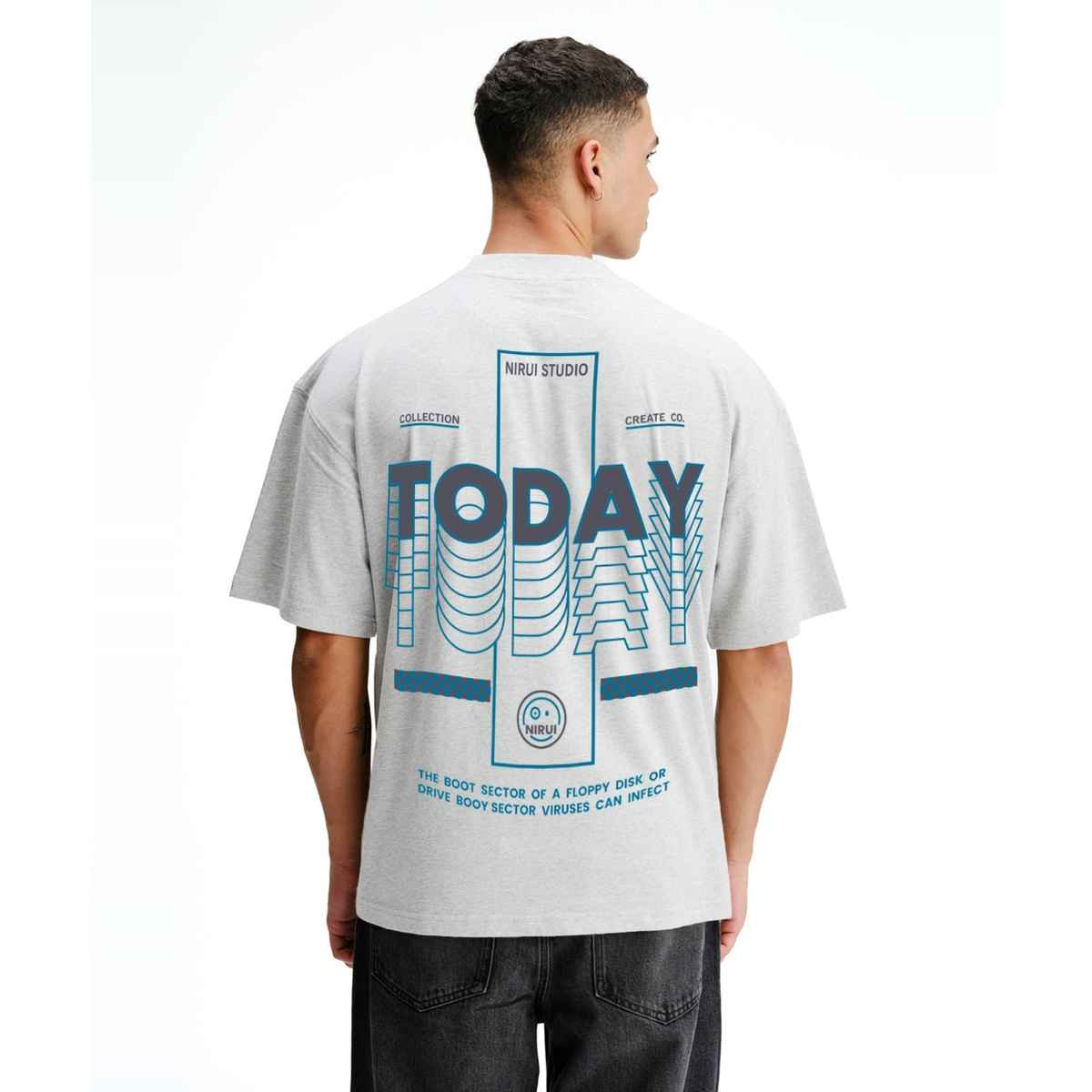 De Tees Men's Oversize T-shirt | M-OST-WHITE-MELANGE-TODAY | Grey Melange - M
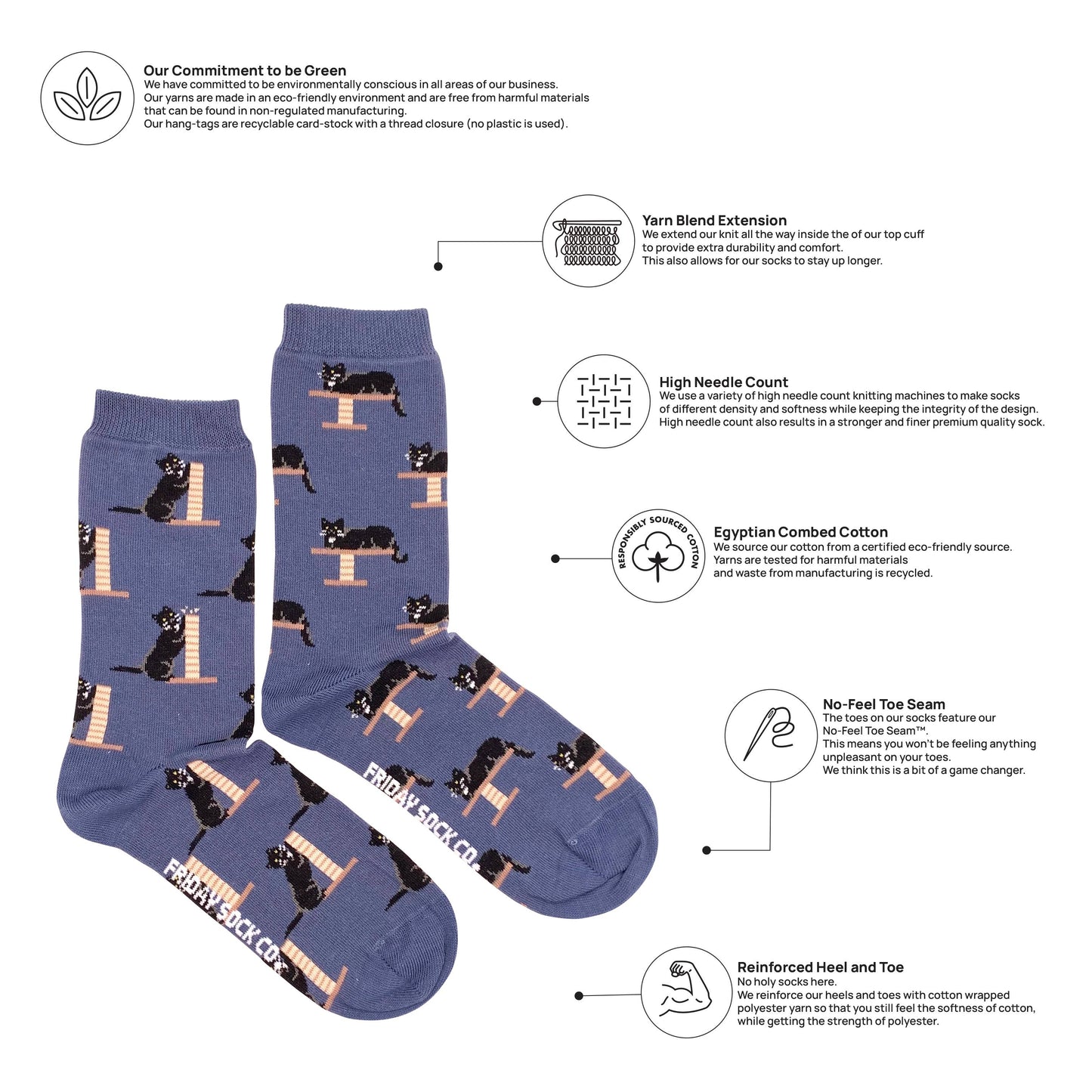 Women's Cozy Black Cat Socks: Women’s 5 – 10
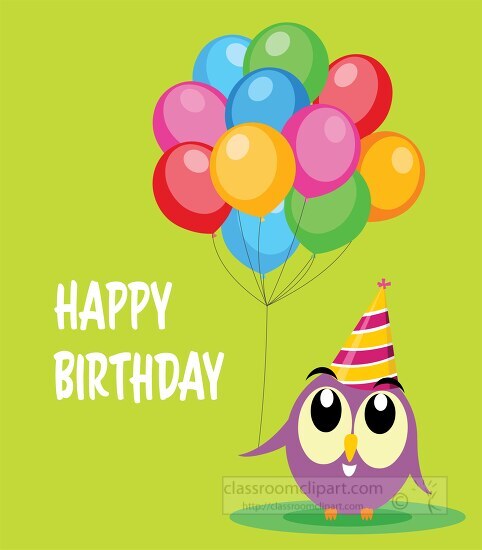owl character holding birthday balloons clipart
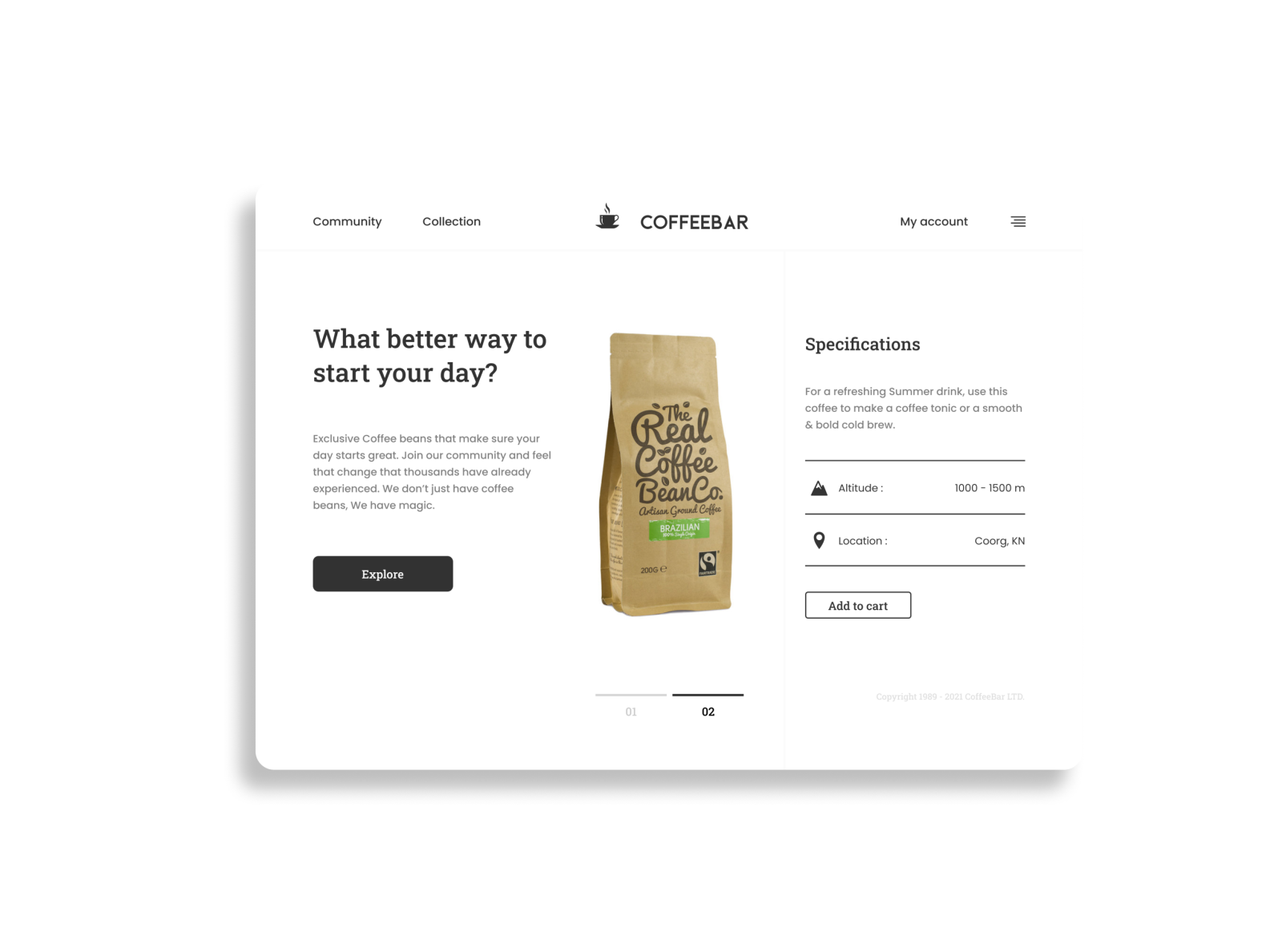 Coffee site by Shubhkarman Gill on Dribbble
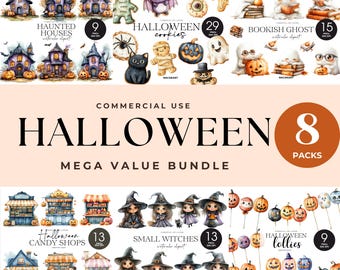 Halloween Clipart Bundle Watercolor Witch Black Cat Ghost Pumpkin Potion Haunted House Halloween Cookie Candy Shop PNG Commercial Use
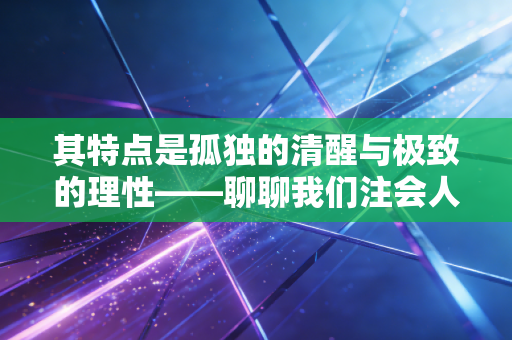 其特点是孤独的清醒与极致的理性——聊聊我们注会人的职业底色
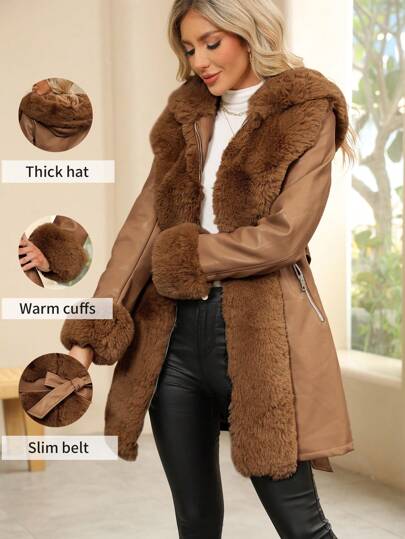 Giolshon 女士 PU 人造毛皮外套，配腰带——秋冬季的理想之选，时尚的腰带设计，适合休闲或通勤穿着。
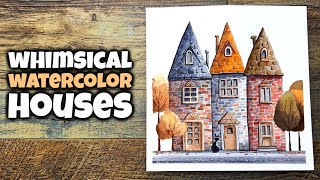 Watercolor Painting Tutorial | Whimsical Houses in Autumn | Step by Step for Beginners
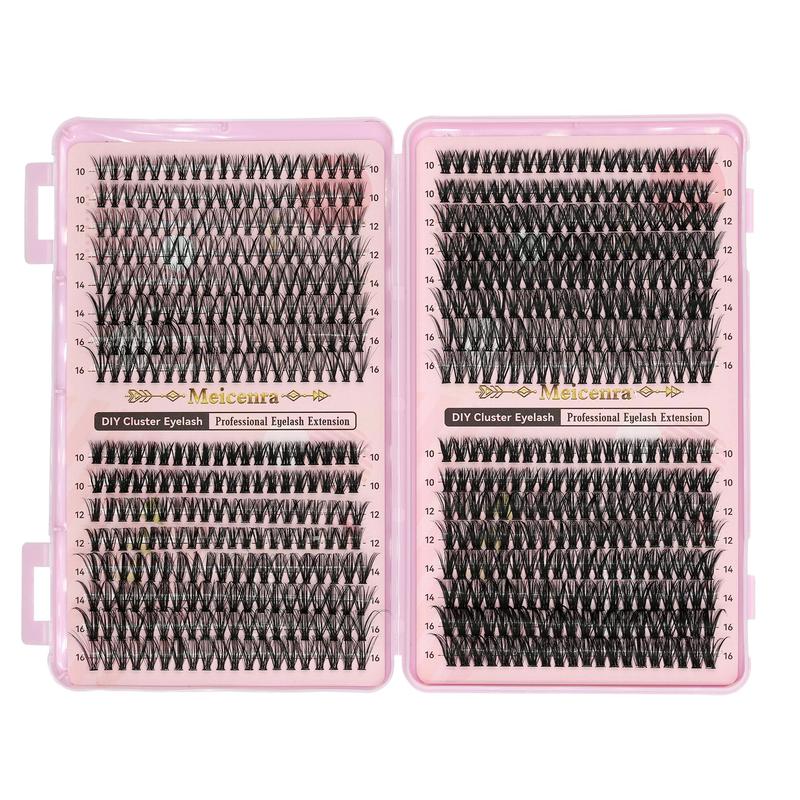 Individual False Eyelashes with Bond & Seal & Lash Remover & Brush & Tweezers, 1 Set Natural Look Eyelash Extensions, Self Grafting Eyelash Clusters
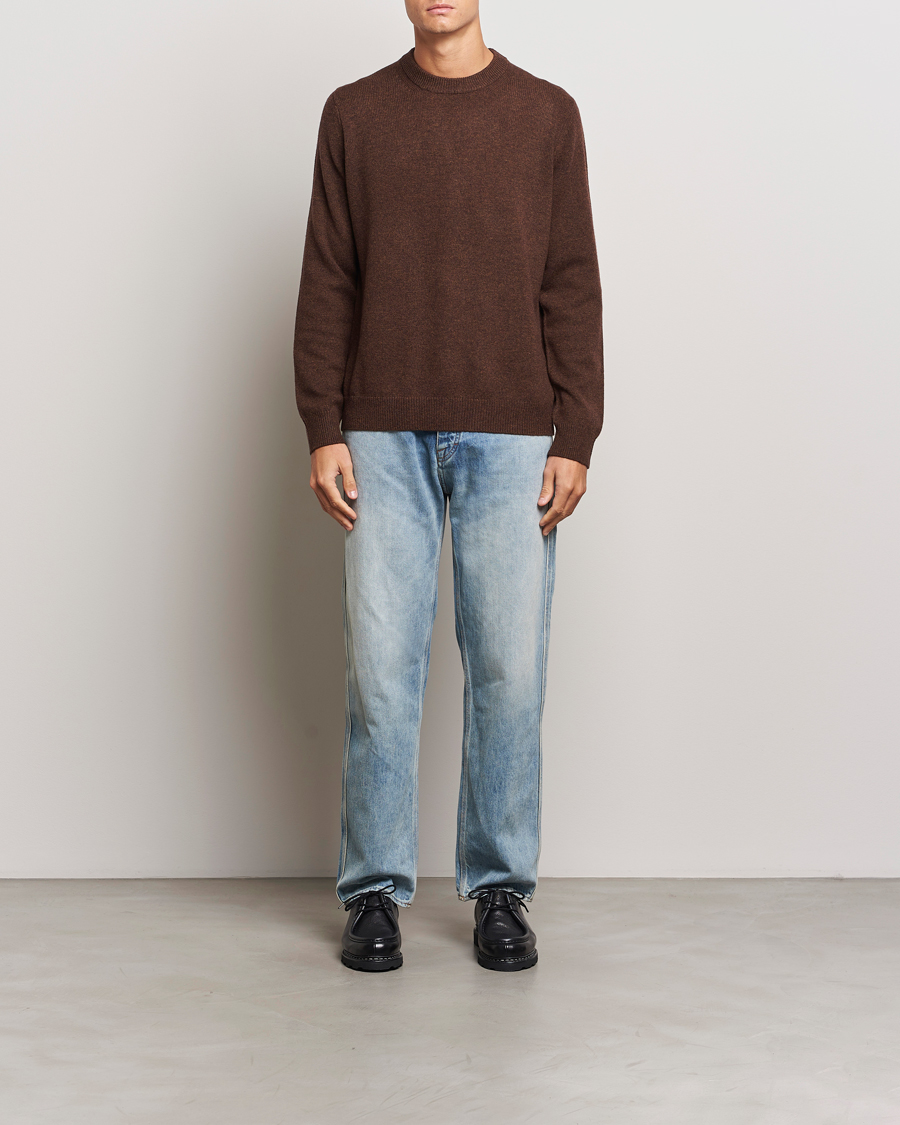 Heren | Truien | Samsøe Samsøe | Isak Knitted Crew Neck Chocolate Brown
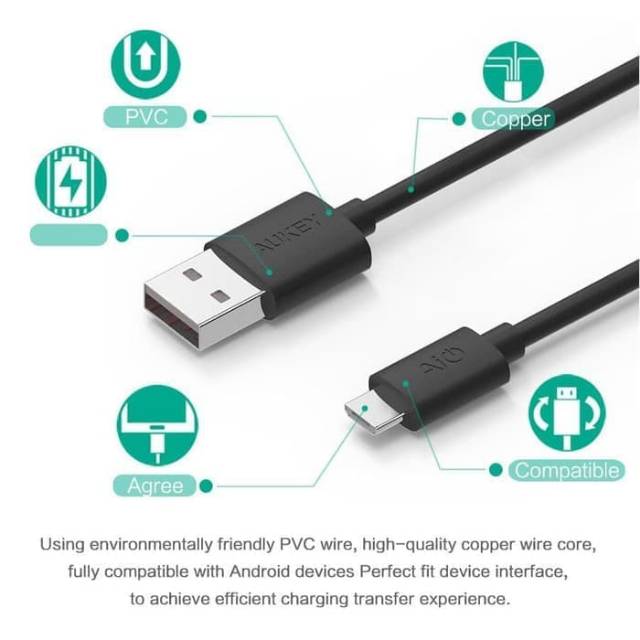 Aukey Dây Cáp Sạc Truyền Dữ Liệu Micro Usb 2m / 2m Cho Xiaomi Oppo Vivo Samsung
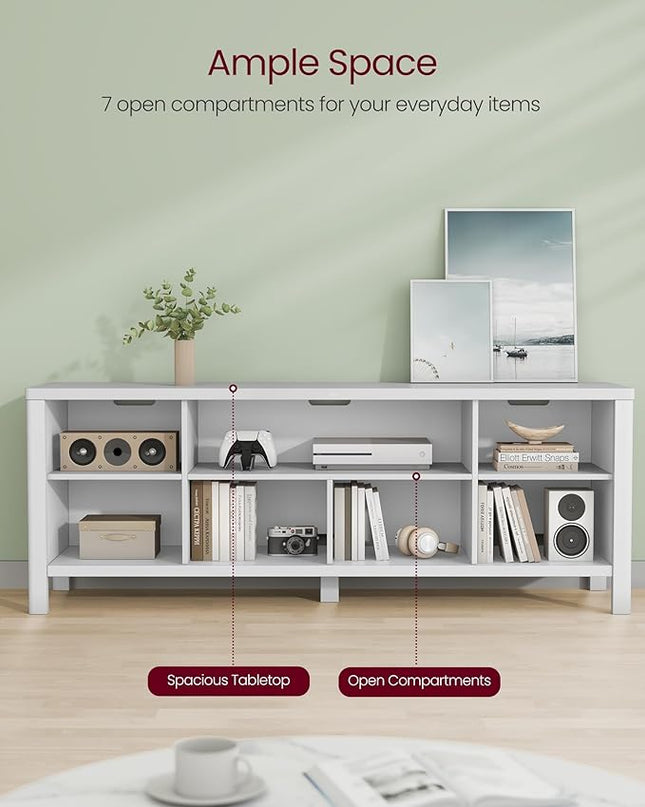 VASAGLE TV Stand for TVs up to 70 Inches, Entertainment Center with Storage Shelves, TV Console Table, Easy to Assemble, TV Cabinet for Living Room, Bedroom, Cloud White ULTV114W01 - LeafyLoom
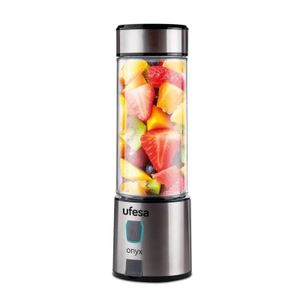Ufesa Sport Blender USB BS2400 ONYX Standmixer, Edelstahlgehäuse, 0,4 l Behälter, Becher mit Trinkdeckel Ufesa Sport Blender USB BS2400 ONYX Standmixer, Edelstahlgehäuse, 0,4 l Behälter, Becher mit Trinkdeckel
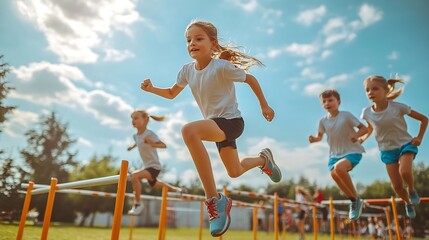 Teenagers on physical education training with a coach Sporty kids exercising and jumping over hurdles on the training field Sport school training for elementary age class : Generative AI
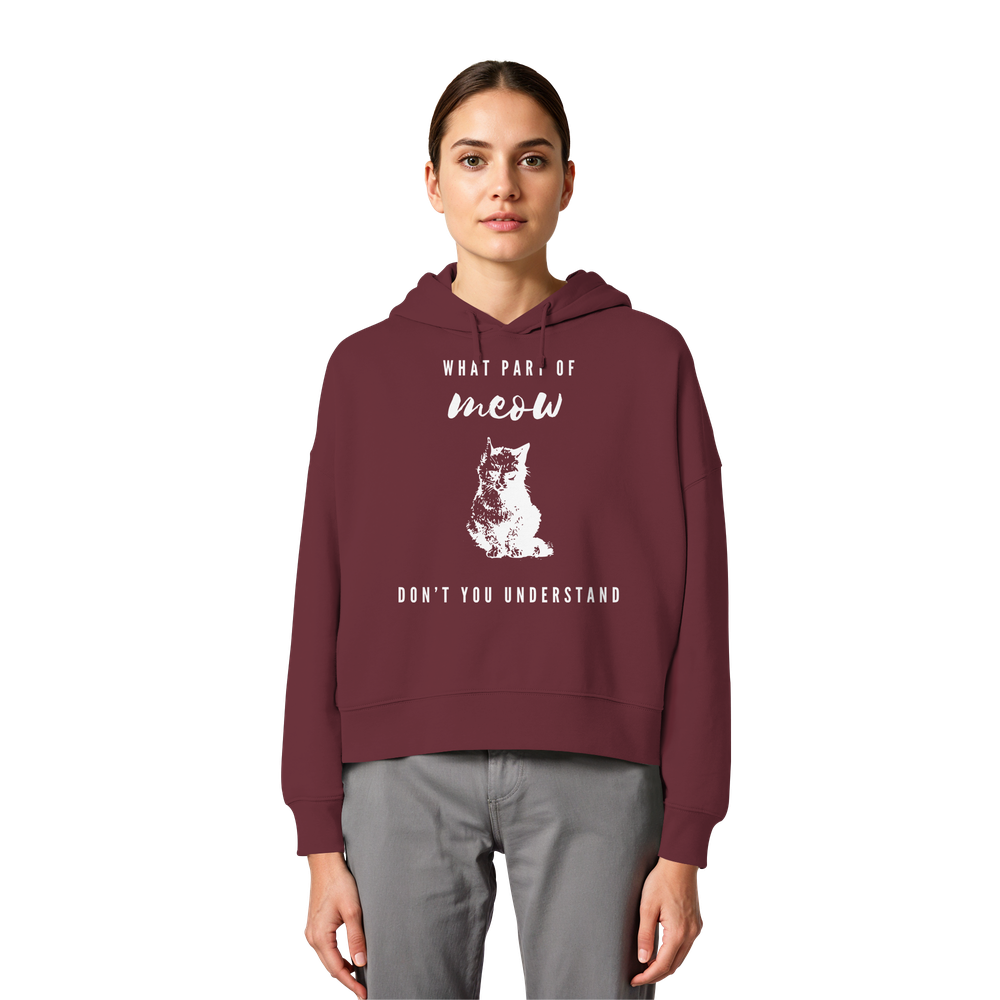 Model trägt burgundy Katzen Hoodie Damen mit lustigem Meow Spruch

....

■ What is required: Please transcribe exactly the lines from the one containing "VASAGLE TV Stand" through the final line of the data, including both, and nothing else. Pictures are to be left out.

■ Response:
 VASAGLE TV Stand for TVs up to 70 Inches, Entertainment Center with Storage Shelves, TV Console Table, Easy to Assemble, TV Cabinet for Living Room, Bedroom, Cloud White ULTV114W01 - LeafyLoom
Ufesa Sport Blender USB BS2400 ONYX Standmixer, Edelstahlgehäuse, 0,4 l Behälter, Becher mit Trinkdeckel Ufesa Sport Blender USB BS2400 ONYX Standmixer, Edelstahlgehäuse, 0,4 l Behälter, Becher mit Trinkdeckel
 Teenagers on physical education training with a coach Sporty kids exercising and jumping over hurdles on the training field Sport school training for elementary age class : Generative AI
 Model trägt burgundy Katzen Hoodie Damen mit lustigem Meow Spruch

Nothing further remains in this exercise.